Juror misconduct is only one issue in a series of legal challenges raised by Rosenthal's defense team in their motion for new trial, including the charge that the judge wrongly withheld evidence from jurors. But it remains Rosenthal's strongest card. "One presumptively prejudiced juror is enough to set aside a verdict so it is going to get a judge's close considerations," said Riordan. "It is very, very difficult to get a verdict overturned, but I feel confident that this is a very interesting and powerful and unusual claim."
After the hearing, Craig declined to discuss why she asserted her 5th Amendment rights. But she said the advice she received from the lawyer left her feeling trapped. "I felt like I was without a real choice, like I was not free to vote my conscience."

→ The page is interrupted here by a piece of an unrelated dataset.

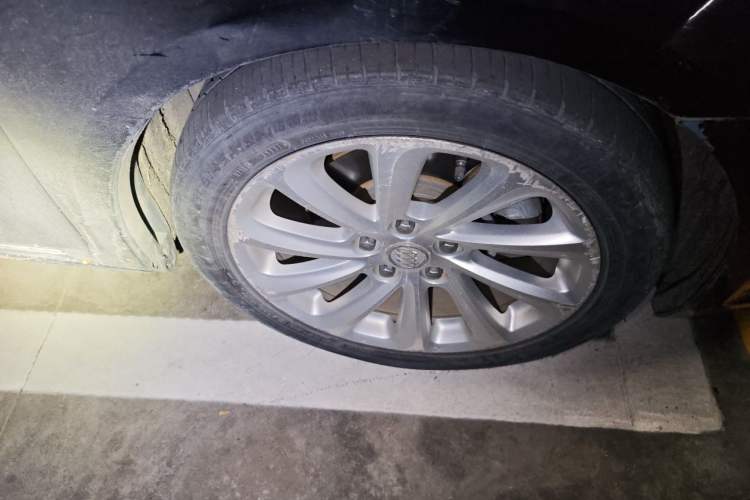 Used Buick LaCrosse 2013 2.0T SIDI Smart Luxury Flagship Edition Right Front Wheel Hub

On April 8, Craig said she was on her way to Washington D.C. to testify on behalf of legislation proposed by US Congressman Sam Farr that would allow defendants to mount an affirmative defense in medical marijuana cases. Rosenthal says he fears that such legislation, even if it is passed by Congress, will be vetoed by President Bush. But Craig says the government must be prevented from withholding evidence in cases like Rosenthal's.
The Truth In Trials Act was introduced on April 9 by U.S. Reps. Sam Farr (D-CA), Dana Rohrabacher (R-CA), and Barney Frank (D-MA). It seeks to prevent the withholding of information from jurors, such as those in the Rosenthal case who were not allowed to consider that Rosenthal was growing medical marijuana with the express authorization of the city of Oakland, California.
"It is a huge step in the right direction to make medical marijuana a legal defense for cultivation, it will eliminate all of what just happened in this trial and all of what happened to us as jurors," said Craig. "In a state where medical marijuana is legal and Feds come in and say it's not legal, all of us, Ed Rosenthal, his family, the defense team, the medical marijuana patients, all caregivers and all jurors are caught in the middle."